‘So, this air hostess person’s flying it, eh? Well I wish her the best of luck.’ In it’s new, twice-a-week broadcast slot, perhaps the audience was willing to overlook slower episodes because it never felt long until the next one came round. This has some nice bits, but is largely killing time, again, until the TARDIS arrives in Castrovalva – already seeded as the Master’s back-up plan in case the hydrogen inrush failed to destroy the TARDIS. In practice this involves lots of scenes wandering around the TARDIS – which given Logopolis offered much the same, in practice means the audience has spent a large chunk of the last six episodes watching people wander round the Ship. It’s worse than The Invasion of Time. Then, to shake things up, there are lots of scenes of Tegan and Nyssa wandering through some bucolic countryside as Nyssa does the daintiest striptease ever committed to film.

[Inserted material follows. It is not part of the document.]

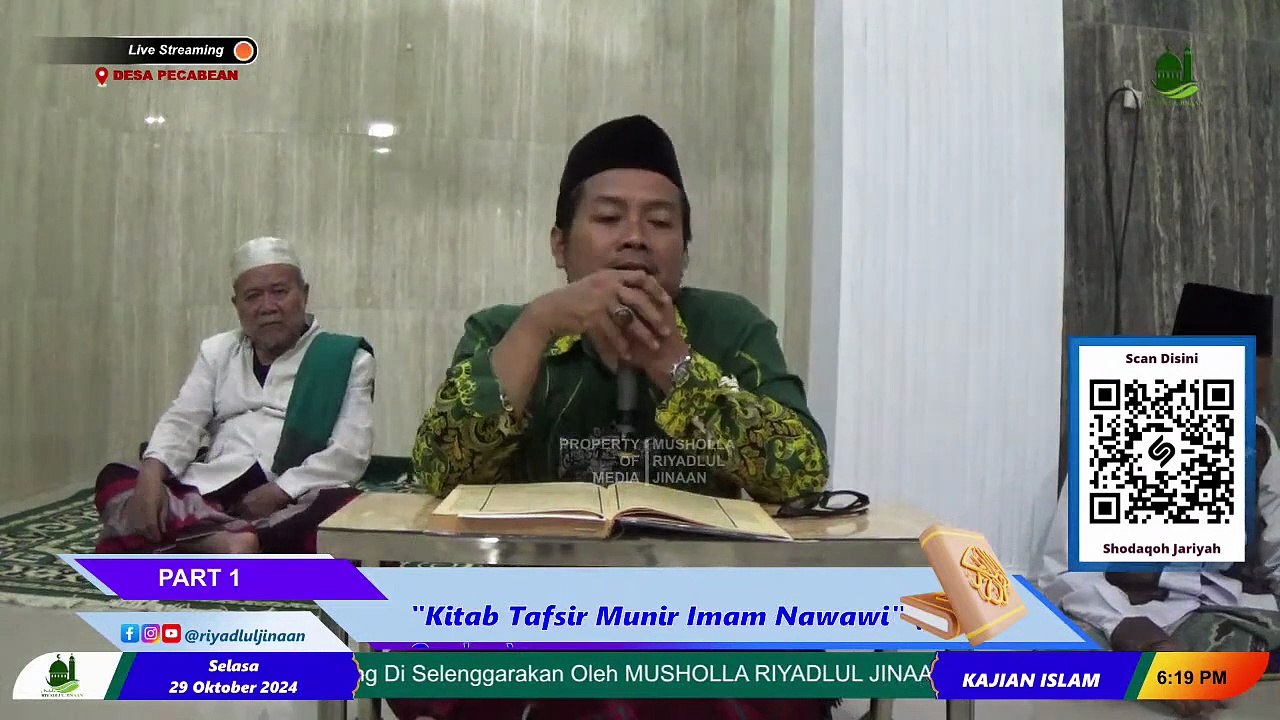 [ LIVE ] Part #1 - Kajian _ KITAB TAFSIR MUNIR IMAM NAWAWI _ Musholla Riyadlul Jinaan - Pecabean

Davison is still given little opportunity to show us what the fifth Doctor is going to be like: again, he’s unconscious or out of it for swathes of this – and then gets relegated to a sensory deprivation tank. What we get is quite good – although I personally find the mannered eccentricity of lines like ‘Transport of delight!’ and ‘Go softly on!’ a bit cringe. The half-moon spectacles are nice, and there’s a hint of this Doctor’s sarcastic bite in his assessment of Tegan’s capabilities. The scenes where he’s instructing Nyssa to build him a zero cabinet and then for her and Tegan to push him about in it oddly reminds me of Homer Simpson and his two wives.

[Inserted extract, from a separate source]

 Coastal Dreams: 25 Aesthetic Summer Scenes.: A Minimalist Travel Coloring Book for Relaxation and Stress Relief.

But we’re largely left in the hands of Sutton and Fielding, who compliment each other very well. Sutton’s often given fairly miserable material (could anyone deliver a line like, ‘As a scientist it’s easy to be tyrannised by facts’ in anything but a dissociative style?) only occasionally thrown something to work with – like her unexpectedly violent reaction to the reappearance of Zombie Tremas: ‘That face. I hate it!’ Fielding tends to get better dialogue. It’s a matter of taste, but I think I might prefer Tegan’s go-getter attitude in her earlier episodes to the surly backchat she’ll develop.

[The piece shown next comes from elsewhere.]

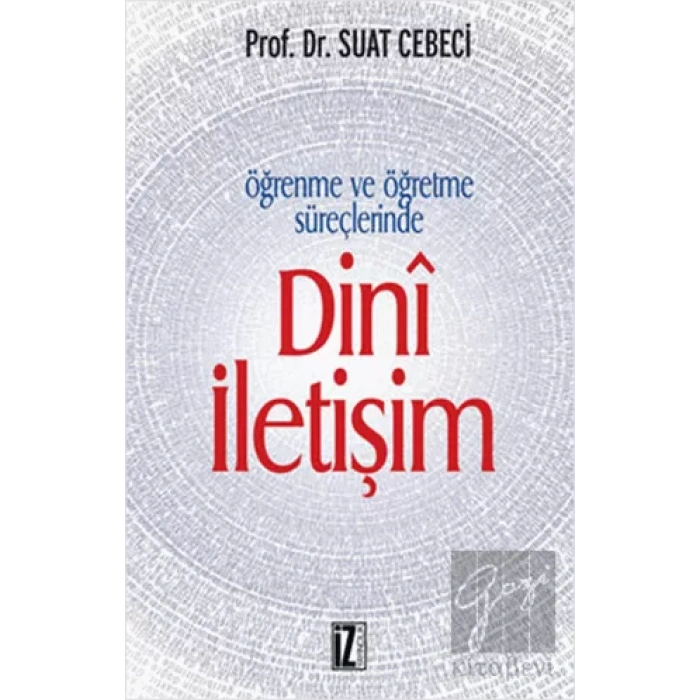 Öğrenme ve Öğretme Süreçlerinde Dini İletişim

The last strand is the interplay between Ainley and Waterhouse, which is made more amusing by the Master’s very slow, very pointless lift which Ainley patiently brings to a standstill before delivering his lines. The most interesting bits here are the idea that this version of the Master – unlike Delgado’s – both genuinely hates the Doctor and is obsessed by him: ‘I must see him, hear him,’ he begs Adric when he realises the Doctor has survived his first test. Is there some vague swipe at heartless Thatcherism in the Master’s line, ‘The universe is purged of the Doctor and his impossible dreams of goodness. You and I belong to the future’?